■ **RECORD EXCERPTS**:
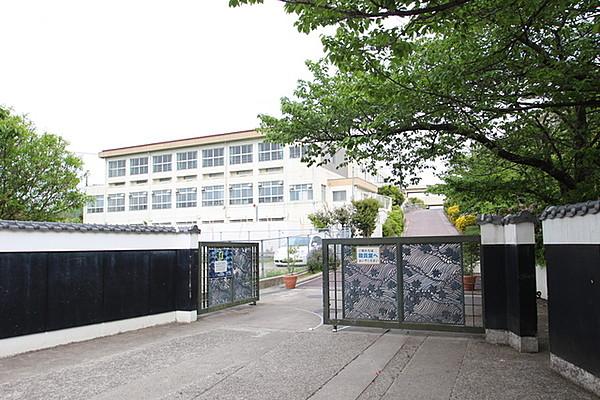 【周辺】名古屋市立有松中学校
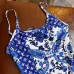 LV New  style Bikini Swimsuit #A68702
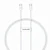 Кабель Baseus Superior Series 2 Type-C/Type-C 100W 1м белый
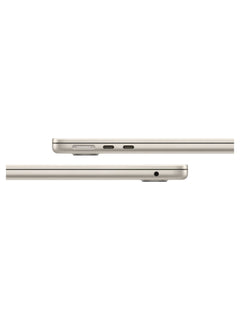 Apple MacBook Air 13" M5 (10-Core CPU, 10-Core GPU) - Starlight - view 6
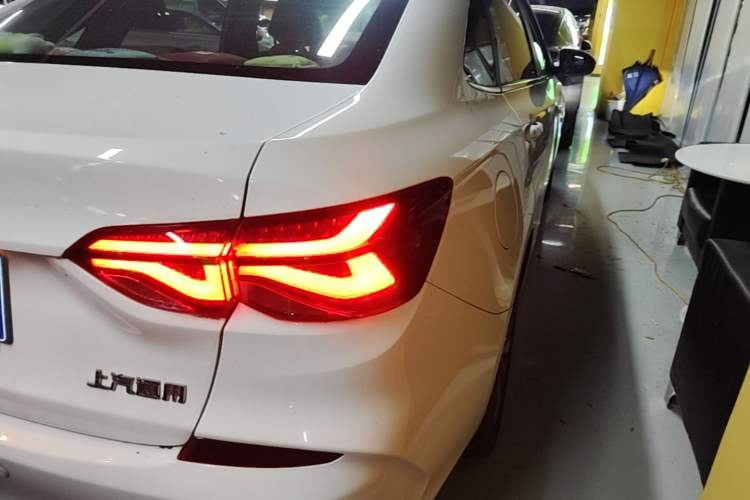 Used Chevrolet Monza 2020 320 Automatic Enjoyment Edition Right Rear Taillight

■ **TASK TO COMPLETE**:
The line that contains "Apple MacBook Air" begins the range and the last line of the entries ends it; print that range exactly, without pictures.

■ **OUTPUT FOR THIS TASK**:
 Apple MacBook Air 13" M5 (10-Core CPU, 10-Core GPU) - Starlight - view 6
 Used Chevrolet Monza 2020 320 Automatic Enjoyment Edition Right Rear Taillight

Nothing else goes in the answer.